■ RECORDED INFORMATION:
BEGIN
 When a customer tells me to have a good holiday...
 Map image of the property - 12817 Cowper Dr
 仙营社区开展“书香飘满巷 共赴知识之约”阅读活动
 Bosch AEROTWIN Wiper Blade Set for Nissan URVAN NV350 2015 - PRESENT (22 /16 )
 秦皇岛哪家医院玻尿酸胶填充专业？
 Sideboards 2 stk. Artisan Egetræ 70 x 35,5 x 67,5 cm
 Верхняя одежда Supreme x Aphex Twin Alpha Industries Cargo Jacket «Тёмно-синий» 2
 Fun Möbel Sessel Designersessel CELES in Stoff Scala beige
END
BEGIN
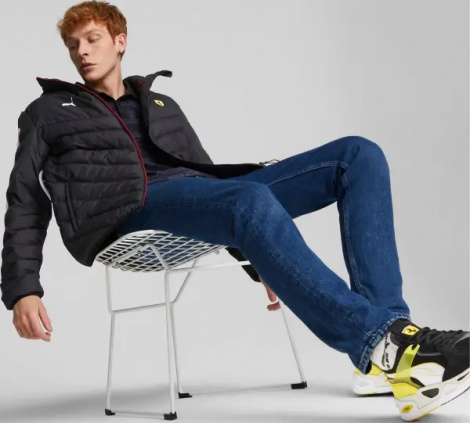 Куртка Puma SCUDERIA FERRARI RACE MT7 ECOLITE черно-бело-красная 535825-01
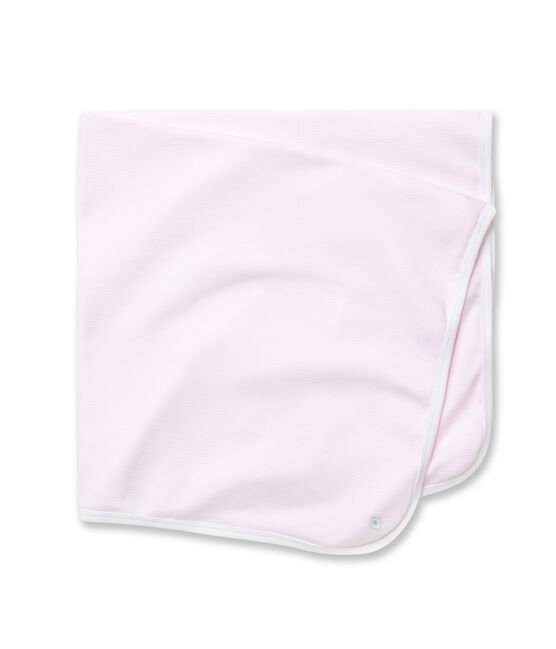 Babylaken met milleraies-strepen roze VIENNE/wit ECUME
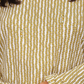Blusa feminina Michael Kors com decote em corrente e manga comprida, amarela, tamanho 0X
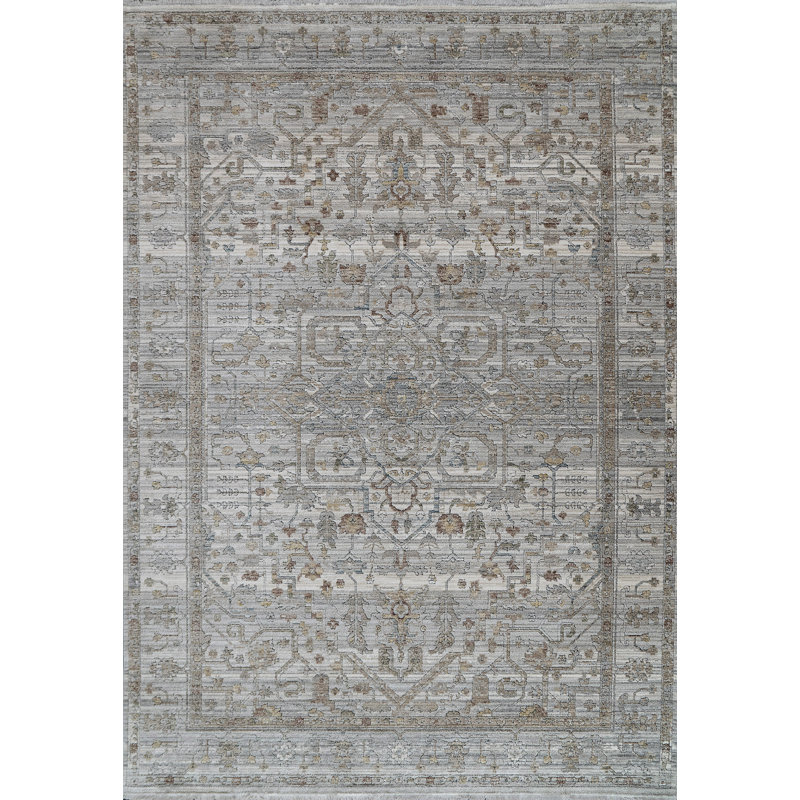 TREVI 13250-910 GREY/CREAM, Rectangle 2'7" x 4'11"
END
BEGIN
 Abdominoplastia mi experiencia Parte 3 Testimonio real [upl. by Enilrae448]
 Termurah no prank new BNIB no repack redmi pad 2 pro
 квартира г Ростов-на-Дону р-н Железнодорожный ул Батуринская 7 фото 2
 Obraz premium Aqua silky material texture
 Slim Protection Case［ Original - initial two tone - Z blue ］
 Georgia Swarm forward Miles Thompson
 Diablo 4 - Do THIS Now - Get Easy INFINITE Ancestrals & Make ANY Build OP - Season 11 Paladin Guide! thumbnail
END
■ TASK DESCRIPTION:
Starting at the line above that contains "秦皇岛哪家医院玻尿酸胶填充专业？", write out each line exactly until the line that contains "Fun Möbel Sessel" has been written, and stop there.

■ ANSWER BOX:
 秦皇岛哪家医院玻尿酸胶填充专业？
 Sideboards 2 stk. Artisan Egetræ 70 x 35,5 x 67,5 cm
 Верхняя одежда Supreme x Aphex Twin Alpha Industries Cargo Jacket «Тёмно-синий» 2
 Fun Möbel Sessel Designersessel CELES in Stoff Scala beige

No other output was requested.